## WHAT IS EXPECTED
Output each entry that follows exactly. Images stay out.

(Stored records)
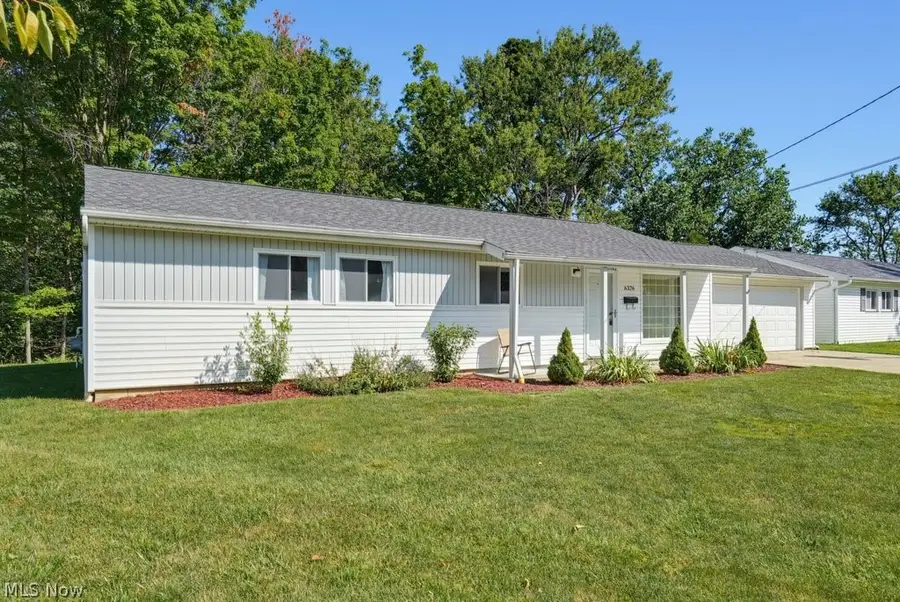 6326 Strathallan Drive, Bedford Heights, OH 44146 - #3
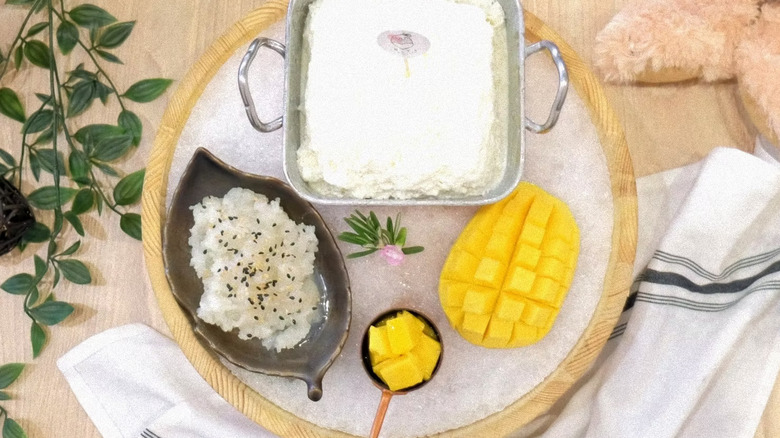 Mango sticky rice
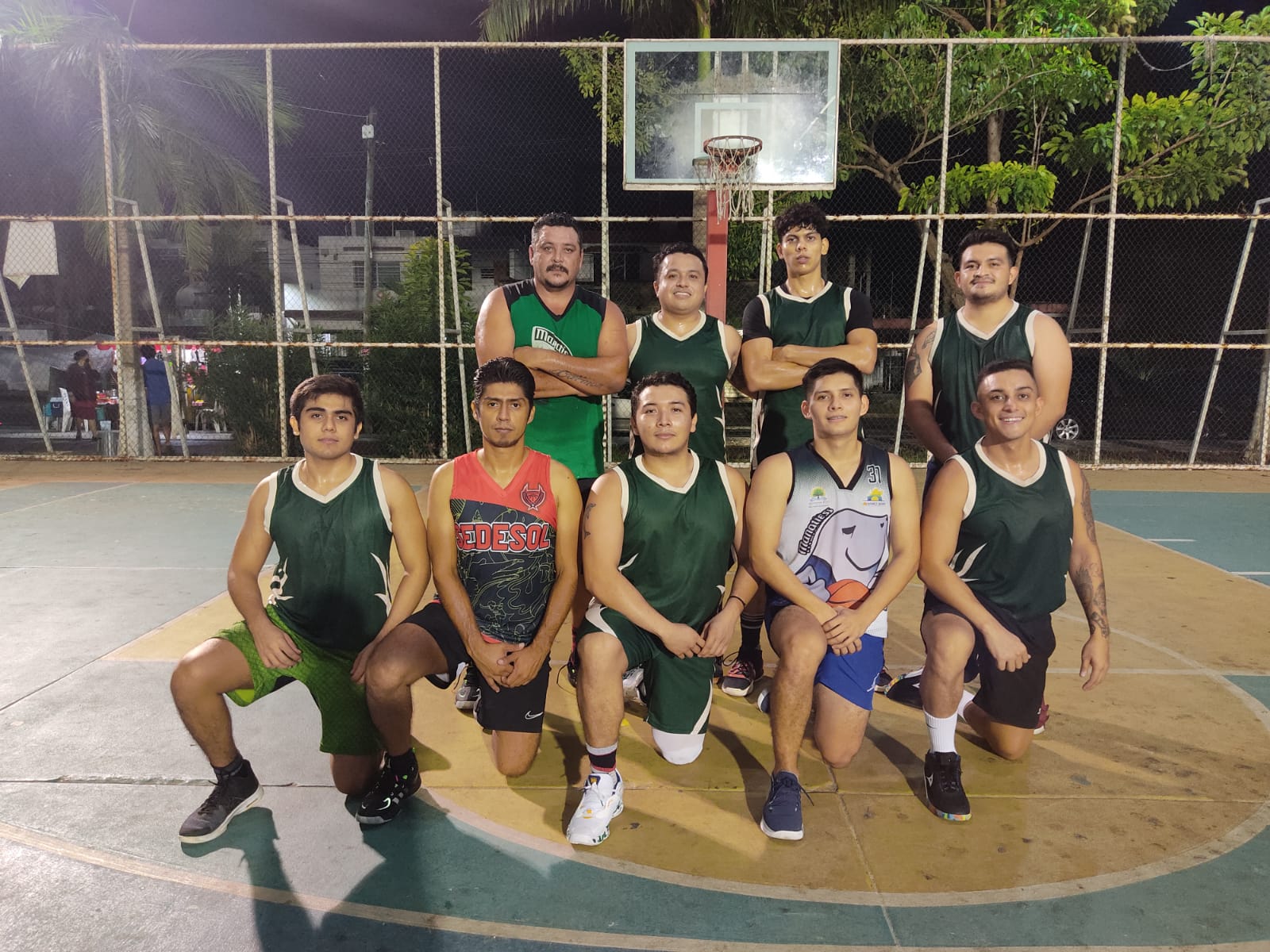 Manatíes mantiene liderato de Liga de basquetbol municipal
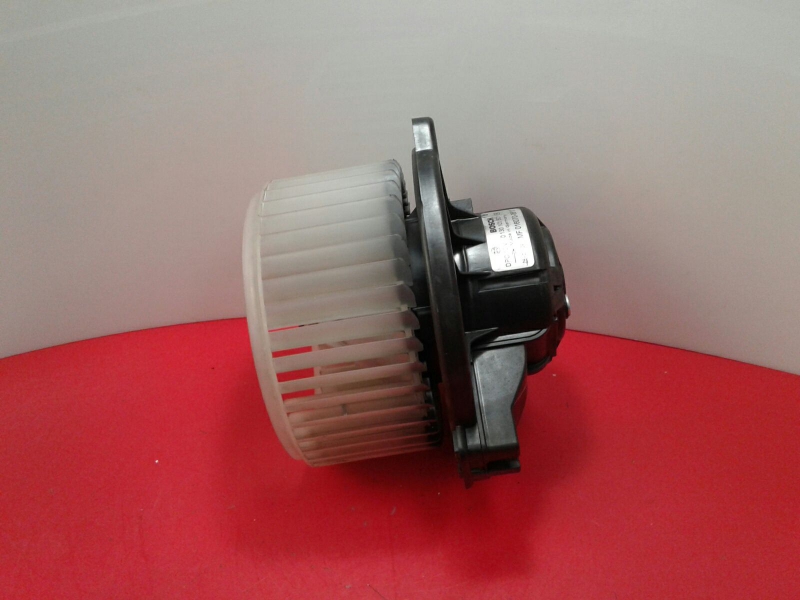 Motor de calefacción TOYOTA Corolla Verso (ZER_, ZZE12_, R1_) Imagem-2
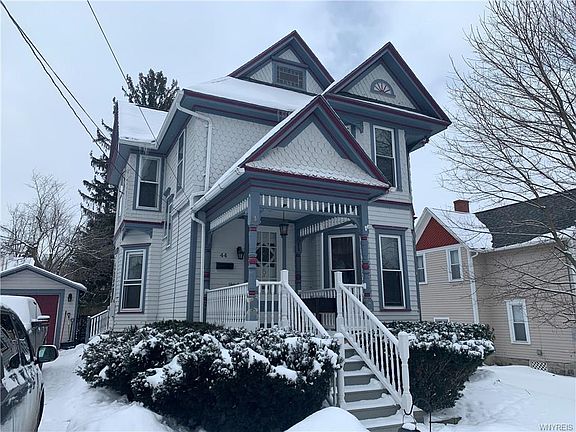2nd image of 44 Elm St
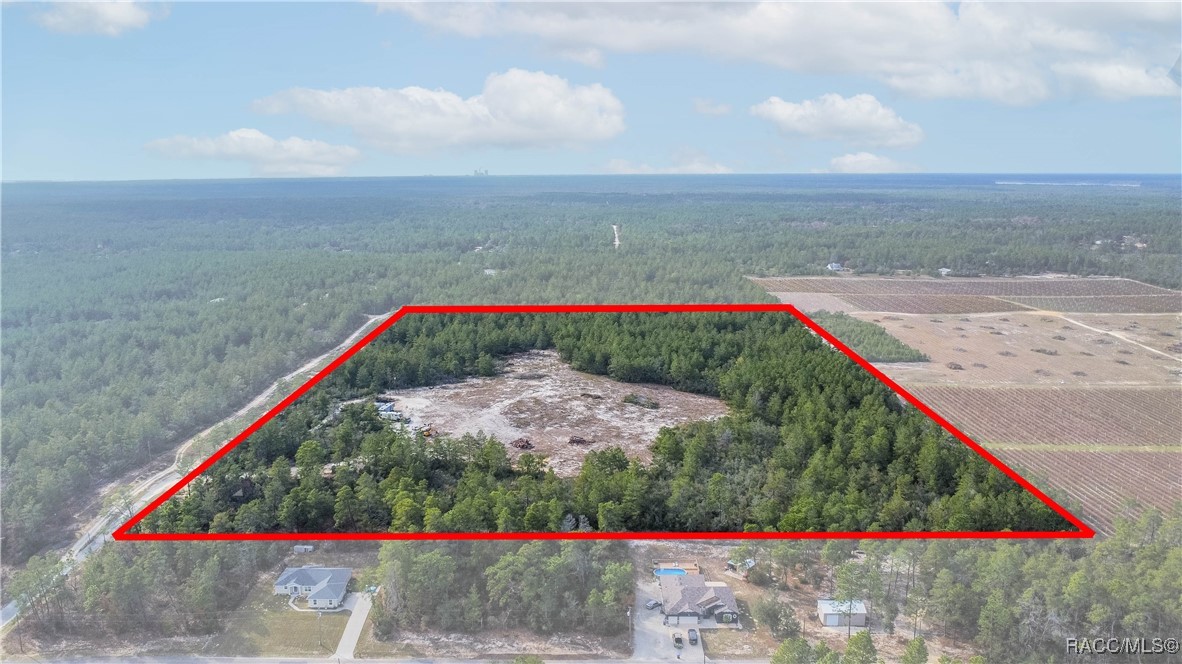 4521 W Gallagher Street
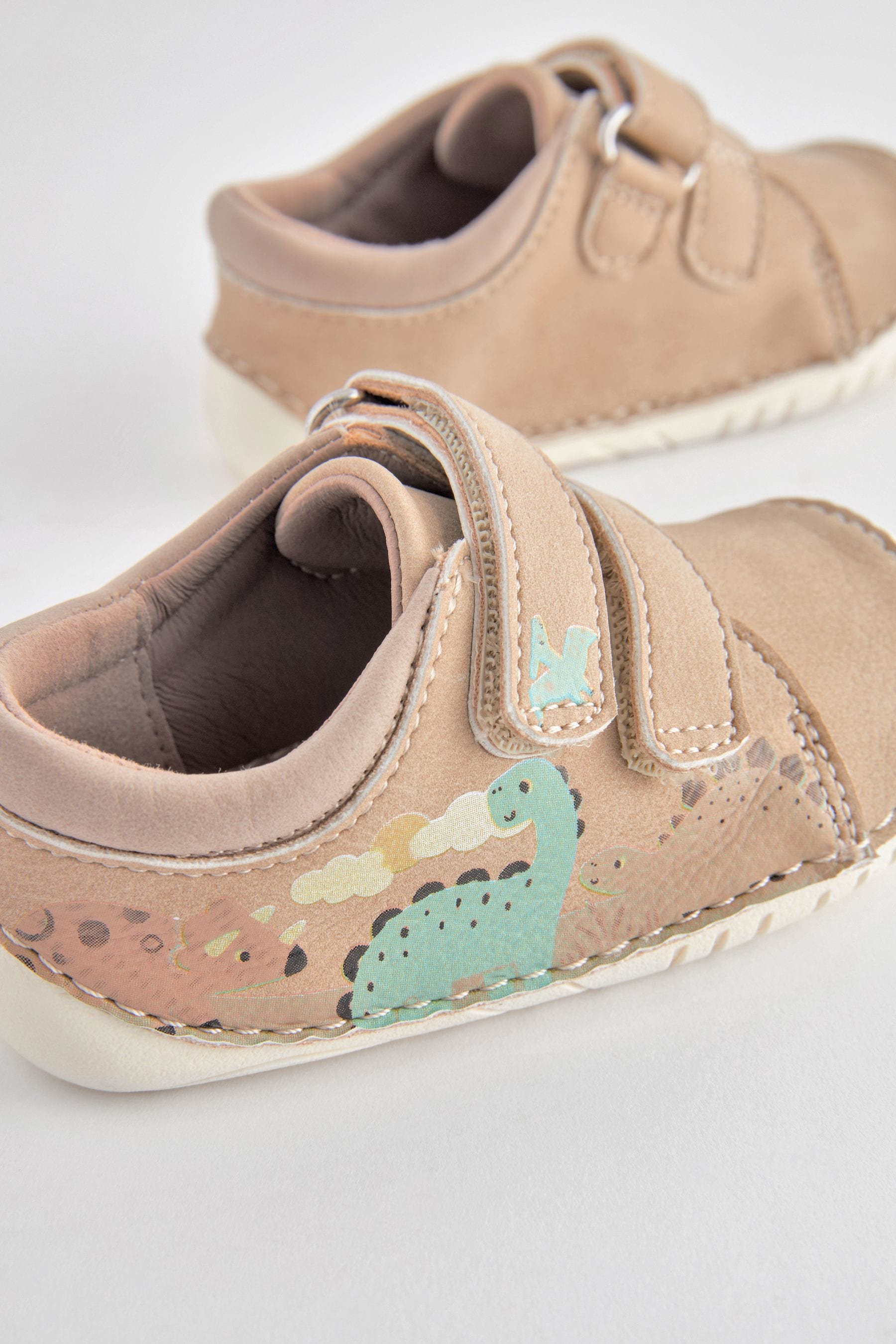 Neutral Dinosaur Scene Wide Fit (G) Crawler Shoes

## PROBLEM SOLUTION
 6326 Strathallan Drive, Bedford Heights, OH 44146 - #3
 Mango sticky rice
 Manatíes mantiene liderato de Liga de basquetbol municipal
 Motor de calefacción TOYOTA Corolla Verso (ZER_, ZZE12_, R1_) Imagem-2
2nd image of 44 Elm St
 4521 W Gallagher Street
 Neutral Dinosaur Scene Wide Fit (G) Crawler Shoes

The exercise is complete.